I couldn’t keep putting Brian off. Stan traveled throughout the world meeting clients, and it stood to reason that Los Angeles would be one of his regular stops. Eventually, I’d either have to cut off all contact with Brian, a possibility I loathed, or meet him in LA. This was one of those times that having a credit card with no limit would come in handy. I called Ben to let him know—after all, he was getting the bills, and I didn’t want him to think I was skipping out on our agreement—and then reserved a flight and a hotel room for December 6 through the 9. I had to make sure I left LA after Brian and Stan. I couldn’t risk running into them at the airport.
I stepped out of the terminal in Los Angeles and was greeted by balmy weather. I didn’t need the down jacket on my arm; my light sweater was enough. I grabbed a taxi and gave the driver the name of the Omni hotel on South Olive Street. I could have stayed at the Ritz-Carlton. Ben wouldn’t have cared, but I still wasn’t comfortable with the notion that I didn’t have to watch my spending. Maybe, when it wasn’t Ben’s credit card I was using, when the money was my own, in my bank account . . . maybe then I could start to ignore price tags. But I wasn’t there yet.
I chose my hotel because of its location. I didn’t want to be near the Four Seasons, where Brian and Stan were staying. I didn’t want to take the risk of running into them and having to explain why I wasn’t at work.
With just a taxi-ride view of Los Angeles, I could see how different it was from Manhattan, and, of course, worlds apart from Scranton. It was so much more spread out. Manhattan was compact, humanity squeezed together on a small island. Los Angeles seemed to have no edges.
I settled into the hotel, then went outside to take a walk. The streets had a different feel from Manhattan, too—less crowded, less frenzied. I walked for almost two hours, stopping in little boutiques along the way, trying on expensive clothes, looking at pricey jewelry. I could have bought anything I wanted, but I knew I would only be able to wear something at dinner tomorrow night that had been part of my original wardrobe. Otherwise, Brian or Stan might start asking me questions I didn’t want to answer.
I got back to my hotel and ordered room service. I felt beat from the flight, the long walk, and the fact that my body was responding to the three-hour time difference. I struggled to stay awake until 10:00 p.m., then fell into a deep sleep. When I awoke the next morning, the sun was just beginning to rise. I dressed in running gear, then headed to the hotel’s gym for an hour run. When I finished, I showered and dressed, then did the most touristy thing I could think of—I went to Universal Studios. I’m not big on amusement park rides, especially the scary ones, but I splurged on the VIP Experience to get an insider peek at the workings of a movie studio.
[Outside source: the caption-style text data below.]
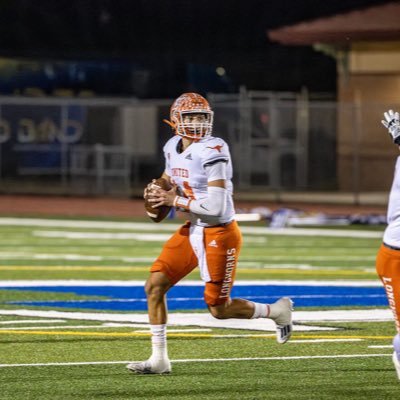 2024 QB/4.0 GPA/6’2 190 /NCAA ID# 2201408575 /Cell: 956-415-5586/ email: atzelchavez2@gmail.com @UTRGVFootball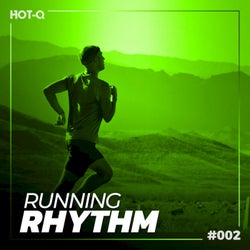 Running Rhythm 002
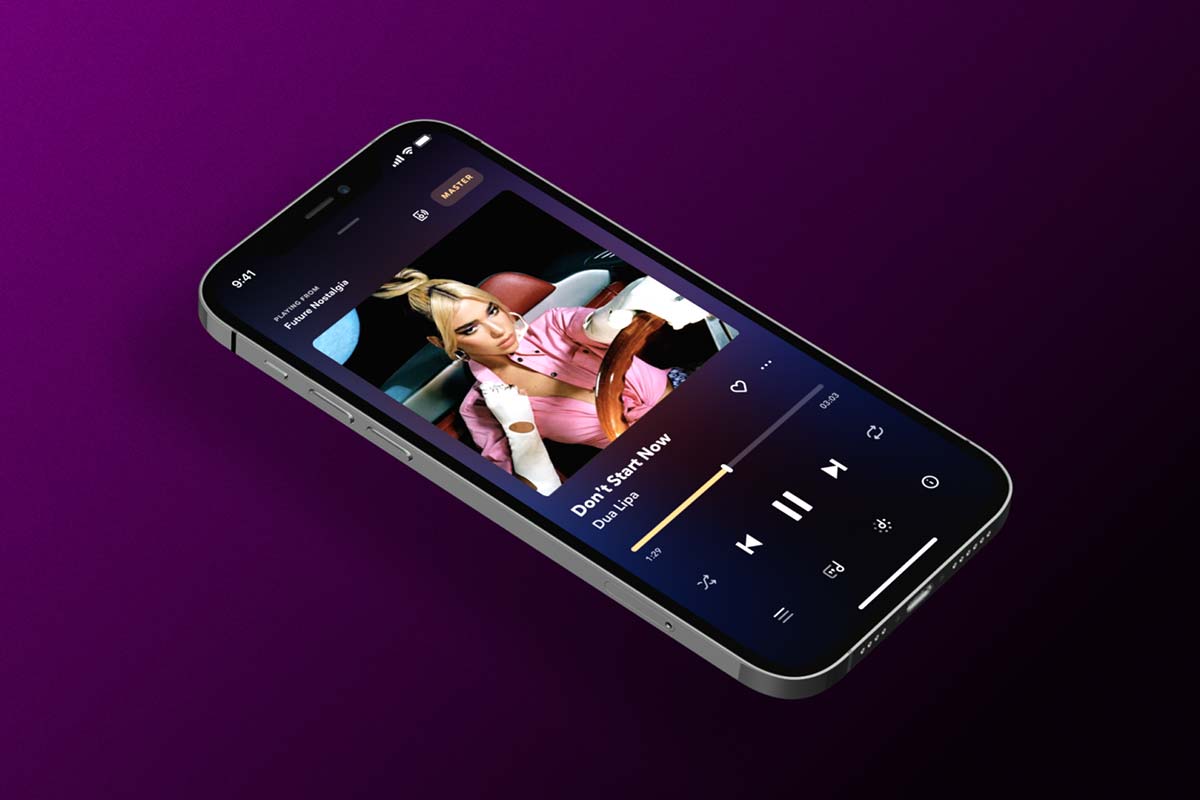 Tidal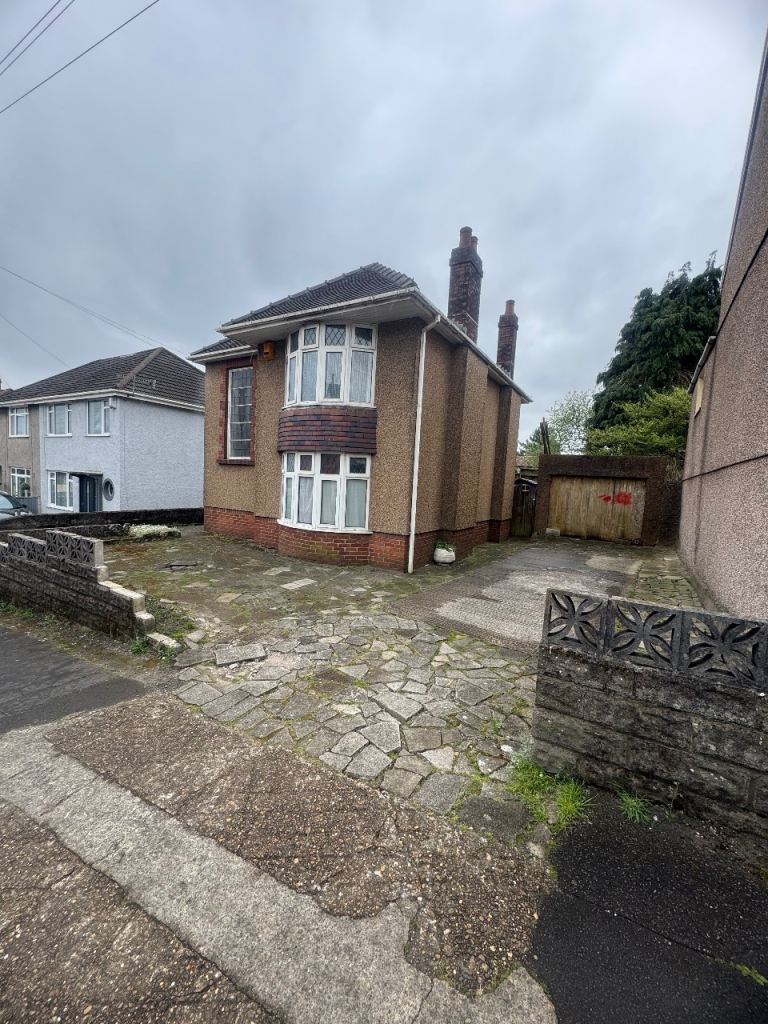 Three bedroom house to rent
I arrived shortly after 10:00 a.m. and was assigned to a guide. For the rest of the day, I felt pampered as we toured the back lot of the studio, marched to the front of the lines for rides, and had the best seats for the shows. By the time I returned to the hotel, I was exhausted, but I had less than an hour before I had to meet Brian and Stan for dinner. I lay down for fifteen minutes, then took a quick shower and got dressed.
I was meeting them at Culina, an Italian restaurant in the Four Seasons hotel. When I got there, they were already seated, and both jumped up as soon as they saw me. Brian was the first to grab me in a bear hug. When he pulled away, Stan did the same.
“Sweetie, aren’t they feeding you here? You’ve lost weight,” Stan said when we were finally seated.
“It’s LA. Everybody here is on a diet. I’m just trying to fit in.”
“Well, you look fabulous,” Brian said.
I had to admit, it was great seeing them both again. I knew I was supposed to cut all my ties once I’d moved into Ben’s parents’ house, but Brian had been in my first art class when I’d moved to New York, and every one after that. I just couldn’t turn my back on him.